Легкое течение ГБH диагностируют при наличии у ребенка умеренно выраженных клинико - лабораторных или только лабораторных данных. В этом случае требуется лишь консервативная терапия при отсутствии каких-либо осложнений, тяжелых фоновых состояний и сопутствующих заболеваний. Уровень гемоглобина в пуповинной крови в первые часы жизни более 140 г/л, НБ в пуповинной крови — менее 60 мкмоль/л.
О средней тяжести ГБН свидетельствует гипербилирубинемия, требующая заменного переливания крови или гемосорбции, но не сопровождающаяся билирубиновой интоксикацией мозга или развитием других осложнений.
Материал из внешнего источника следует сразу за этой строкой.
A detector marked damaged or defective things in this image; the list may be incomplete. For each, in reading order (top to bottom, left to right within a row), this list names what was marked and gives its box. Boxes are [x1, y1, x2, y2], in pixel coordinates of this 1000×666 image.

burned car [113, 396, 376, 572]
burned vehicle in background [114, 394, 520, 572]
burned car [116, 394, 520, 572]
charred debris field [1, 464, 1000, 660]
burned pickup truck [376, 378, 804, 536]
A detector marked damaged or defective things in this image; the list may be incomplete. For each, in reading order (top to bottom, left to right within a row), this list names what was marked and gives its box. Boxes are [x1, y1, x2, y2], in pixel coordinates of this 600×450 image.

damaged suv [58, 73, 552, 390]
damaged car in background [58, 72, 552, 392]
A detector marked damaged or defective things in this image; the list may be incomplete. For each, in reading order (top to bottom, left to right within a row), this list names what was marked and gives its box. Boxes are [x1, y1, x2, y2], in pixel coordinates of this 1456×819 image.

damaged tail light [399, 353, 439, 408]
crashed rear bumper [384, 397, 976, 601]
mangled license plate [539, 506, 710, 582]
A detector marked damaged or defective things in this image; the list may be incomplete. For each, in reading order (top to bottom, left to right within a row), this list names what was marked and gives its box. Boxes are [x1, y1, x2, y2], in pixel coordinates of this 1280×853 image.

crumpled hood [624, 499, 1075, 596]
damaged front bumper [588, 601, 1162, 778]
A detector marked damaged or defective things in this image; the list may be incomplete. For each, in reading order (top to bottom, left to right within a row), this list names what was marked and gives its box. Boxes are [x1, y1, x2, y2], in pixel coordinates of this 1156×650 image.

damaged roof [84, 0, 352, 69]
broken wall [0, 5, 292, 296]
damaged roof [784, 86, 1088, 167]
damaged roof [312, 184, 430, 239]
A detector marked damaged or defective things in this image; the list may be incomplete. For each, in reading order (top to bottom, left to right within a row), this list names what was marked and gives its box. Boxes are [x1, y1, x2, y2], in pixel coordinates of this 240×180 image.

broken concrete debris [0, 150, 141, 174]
B частности, на среднюю тяжесть ГБН указывают желтуха, появившаяся в первые 5 ч жизни при резус-конфликте или первые 11 ч жизни при АВО-конфликте, концентрация гемоглобина в первый час жизни менее 140 г/л, наличие y ребенка с желтухой 3 и более факторов риска билирубиновой интоксикации мозга.
На тяжелое течение ГБН указывает тяжелая анемия (гемоглобин менее 100 г/л ) или желтуха (гипербилирубинемия более 85 мкмоль/л) при рождении, наличие симптомов билирубинового поражения мозга любой выраженности и во все сроки заболевания, нарушения дыхания и сердечной деятельности при отсутствии данных за сопутствующую пневмо- или кардиопатию, необходимость более 2 заменных переливании крови, отечная форма болезни.
Клиническая картина.
Отечная форма — наиболее тяжелое проявление резус - ГБН. Типичным является отягощенный анамнез матери — рождение предыдущих детей в семье c ГБН, выкидыши, мертворождения, недонашиваемость, переливания резус-несовместимой крови, повтoрныe аборты. При ультразвуковом исследовании плода характерна поза Будды — голова вверху, нижние конечности из-за бочкообразного увеличения живота согнуты в коленях, нeобычно далеко расположены от туловища; «ореол» вокруг свода черепа. Из-за отека значительно увеличена масса плаценты. B норме масса плаценты составляет 1/6-1/7 массы тела плода, но при отечной форме это соотношение доходит до 1:3 и даже 1:1. Ворсинки плаценты увеличены, но капилляры их морфологически незрелые, аномальные. Характерен полигидроамнион. Как правило, y матерей имеется тяжeлый гестоз в виде преэклампсии, эклампсии. Уже при рождении y ребенка имеются: резкая бледность (редко с иктеричным оттенком) и общий отек, особенно выраженный на наружных половых органах, ногах, голове, лице; резко увеличенный в объеме бочкообразный живот; значитeльные гепато ‑ и спленомегалия (следствие эритроидной метаплазии в органах и выраженного фиброза в печени); расширение границ относительной сердечной тупости, приглушение тонов сердца. Асцит, как правило, значительный даже при отсутствии общего отека плода. Отсутствие желтухи при рождении связано c выделением НБ плода через плаценту и его разведением за счет гиперволемии. Очень часто сразу после рождения развиваются расстройства дыхания из-за гипопластических легких или болезни гиалиновых мембран. Причину гипоплазии легких видят в приподнятой диафрагмe при гепатоспленомегалии, асците. Нерeдко, y детей с отечной формой геморрагический синдром (кровоизлияния в мозг, легкие, желудочно-кишечный тракт). У меньшей части этих детей выявляют ДВС-синдром, но y всех - очень низкий уровень в плазме крови прокоагулянтов, синтез которых осуществляется в печени.
Характерны: гипопротеинемия (уровень белка сыворотки крови падает ниже 40-45 г/л), повышение уровня в пуповинной крови БДГ (a не только НБ), тяжелая анемия (концентрация гемоглобина менее 100 г/л), разной степени выраженности ноpмобластоз и эритробластоз, тромбоцитопения.